« Léchés, lâchés, lynchés » : il ne s’agit pas des acteurs de la presse comme le titre pourrait l’indiquer, mais bien de ses victimes. Dans ce livre à épisodes, nous découvrons un mécanisme : comment des personnages qui ont connu la célébrité (« léchés ») sont mis à bas (« lâchés ») puis déchiquetés (« lynchés »).
Adulés le lundi, vilipendés le mardi, la galerie est variée : de Salengro à Roland Dumas, d’Édith Cresson à DSK, de Jérôme Cahuzac à Dominique Baudis, de Robert Ménard à Richard Millet et quelques autres. Le mécanisme est simple : le puissant est craint et protégé ; au moindre signe de faiblesse (ou de sortie de route du politiquement correct) il est lâché ; puis la meute se déchaine.

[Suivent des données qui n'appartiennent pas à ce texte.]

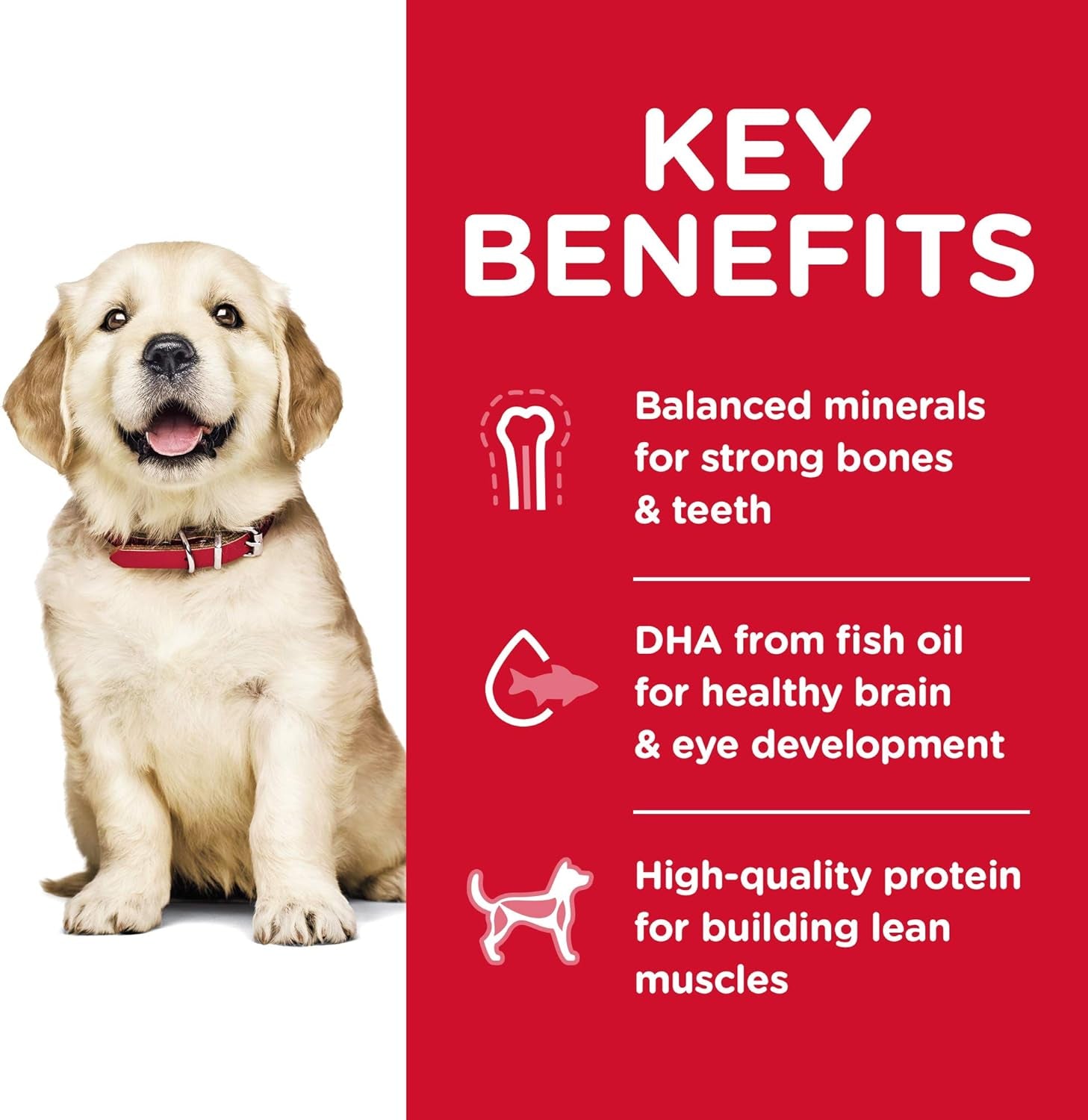 Puppy Large Breed Dry Dog Food 12Kg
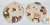 928c090cb8135631ff82d0eb101083ac.png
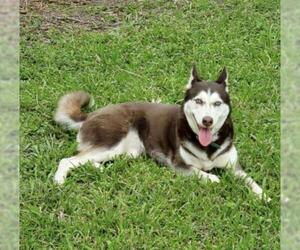 Australian Shepherd-Siberian Husky-Unknown Mix Dogs for adoption in Houston, TX, USA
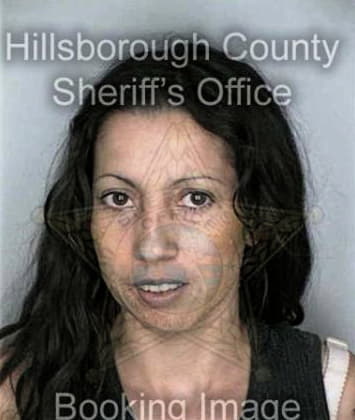 Nichole Binegar - Hillsborough County, FL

Un exemple parfait est donné avec l’analyse de « l’affaire Richard Millet ». Éditeur chez Gallimard, découvreur de deux prix Goncourt, auteur reconnu pour son style, à la tête de plus de 50 ouvrages, il publie en 2012 aux éditions Pierre-Guillaume de Roux trois ouvrages dont un très court Éloge littéraire d’Anders Breivik. Au-delà du titre provocateur, les hyènes littéraires se jettent sur un livre que la plupart de ses contempteurs se vantent de ne pas avoir lu. Des écrivains de troisième ordre comme Annie Ernaux ou Tahar Ben Jelloun vont demander sa tête… et l’obtenir. Richard Millet abandonne son bureau chez Gallimard, les manuscrits lui sont envoyés par la poste, il est frappé de mort sociale et littéraire. L’Ojim a consacré un dossier complet à cette affaire. Pierre Assouline sera l’un des rares à regretter une « amère victoire » dont il n’y a pas lieu d’être fier.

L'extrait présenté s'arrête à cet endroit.